----- RECORDS SUPPLIED -----

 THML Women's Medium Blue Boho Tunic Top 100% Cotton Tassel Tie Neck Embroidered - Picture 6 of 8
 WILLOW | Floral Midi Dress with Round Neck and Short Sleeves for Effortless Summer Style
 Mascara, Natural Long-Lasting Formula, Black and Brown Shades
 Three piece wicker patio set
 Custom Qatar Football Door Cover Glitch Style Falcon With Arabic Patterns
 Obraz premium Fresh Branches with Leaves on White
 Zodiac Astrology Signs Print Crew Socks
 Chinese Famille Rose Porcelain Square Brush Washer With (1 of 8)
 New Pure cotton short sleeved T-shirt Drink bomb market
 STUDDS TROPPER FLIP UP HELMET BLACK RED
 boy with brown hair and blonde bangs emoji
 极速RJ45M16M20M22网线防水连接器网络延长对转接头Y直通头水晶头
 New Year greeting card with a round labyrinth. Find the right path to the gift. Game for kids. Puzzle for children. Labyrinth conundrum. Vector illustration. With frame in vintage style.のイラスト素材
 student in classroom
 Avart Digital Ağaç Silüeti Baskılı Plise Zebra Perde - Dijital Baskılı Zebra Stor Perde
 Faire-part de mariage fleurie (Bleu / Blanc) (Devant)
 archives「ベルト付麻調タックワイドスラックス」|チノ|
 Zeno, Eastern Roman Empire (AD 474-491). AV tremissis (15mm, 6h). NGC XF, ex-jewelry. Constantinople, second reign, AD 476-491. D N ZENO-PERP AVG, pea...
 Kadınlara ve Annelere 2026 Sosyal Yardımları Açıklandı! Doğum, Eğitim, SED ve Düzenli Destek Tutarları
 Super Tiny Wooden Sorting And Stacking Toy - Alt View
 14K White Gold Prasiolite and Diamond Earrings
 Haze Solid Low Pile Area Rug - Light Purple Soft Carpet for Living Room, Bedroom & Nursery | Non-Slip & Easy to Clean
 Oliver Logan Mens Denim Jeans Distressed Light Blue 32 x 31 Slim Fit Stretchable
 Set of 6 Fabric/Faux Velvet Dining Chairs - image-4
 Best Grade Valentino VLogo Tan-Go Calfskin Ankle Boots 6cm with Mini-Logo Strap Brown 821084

-----

• _YOUR TASK_: Once you have read the records, repeat them all exactly.

• _ANSWER SPACE_:
 THML Women's Medium Blue Boho Tunic Top 100% Cotton Tassel Tie Neck Embroidered - Picture 6 of 8
 WILLOW | Floral Midi Dress with Round Neck and Short Sleeves for Effortless Summer Style
 Mascara, Natural Long-Lasting Formula, Black and Brown Shades
 Three piece wicker patio set
 Custom Qatar Football Door Cover Glitch Style Falcon With Arabic Patterns
 Obraz premium Fresh Branches with Leaves on White
 Zodiac Astrology Signs Print Crew Socks
 Chinese Famille Rose Porcelain Square Brush Washer With (1 of 8)
 New Pure cotton short sleeved T-shirt Drink bomb market
 STUDDS TROPPER FLIP UP HELMET BLACK RED
 boy with brown hair and blonde bangs emoji
 极速RJ45M16M20M22网线防水连接器网络延长对转接头Y直通头水晶头
 New Year greeting card with a round labyrinth. Find the right path to the gift. Game for kids. Puzzle for children. Labyrinth conundrum. Vector illustration. With frame in vintage style.のイラスト素材
 student in classroom
 Avart Digital Ağaç Silüeti Baskılı Plise Zebra Perde - Dijital Baskılı Zebra Stor Perde
 Faire-part de mariage fleurie (Bleu / Blanc) (Devant)
 archives「ベルト付麻調タックワイドスラックス」|チノ|
 Zeno, Eastern Roman Empire (AD 474-491). AV tremissis (15mm, 6h). NGC XF, ex-jewelry. Constantinople, second reign, AD 476-491. D N ZENO-PERP AVG, pea...
 Kadınlara ve Annelere 2026 Sosyal Yardımları Açıklandı! Doğum, Eğitim, SED ve Düzenli Destek Tutarları
 Super Tiny Wooden Sorting And Stacking Toy - Alt View
 14K White Gold Prasiolite and Diamond Earrings
 Haze Solid Low Pile Area Rug - Light Purple Soft Carpet for Living Room, Bedroom & Nursery | Non-Slip & Easy to Clean
 Oliver Logan Mens Denim Jeans Distressed Light Blue 32 x 31 Slim Fit Stretchable
 Set of 6 Fabric/Faux Velvet Dining Chairs - image-4
 Best Grade Valentino VLogo Tan-Go Calfskin Ankle Boots 6cm with Mini-Logo Strap Brown 821084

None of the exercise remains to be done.